(Web page caption snippets)
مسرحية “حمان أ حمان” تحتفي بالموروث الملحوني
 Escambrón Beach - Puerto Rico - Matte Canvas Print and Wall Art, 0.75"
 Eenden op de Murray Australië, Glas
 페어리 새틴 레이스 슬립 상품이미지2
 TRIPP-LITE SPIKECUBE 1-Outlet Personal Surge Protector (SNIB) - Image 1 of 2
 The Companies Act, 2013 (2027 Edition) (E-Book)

● Work order:
What do the lines from the one with "Escambrón Beach - Puerto" through the last line of the entries say? Print them word for word, both ends included, and nothing else.

● Problem solution:
 Escambrón Beach - Puerto Rico - Matte Canvas Print and Wall Art, 0.75"
 Eenden op de Murray Australië, Glas
 페어리 새틴 레이스 슬립 상품이미지2
 TRIPP-LITE SPIKECUBE 1-Outlet Personal Surge Protector (SNIB) - Image 1 of 2
 The Companies Act, 2013 (2027 Edition) (E-Book)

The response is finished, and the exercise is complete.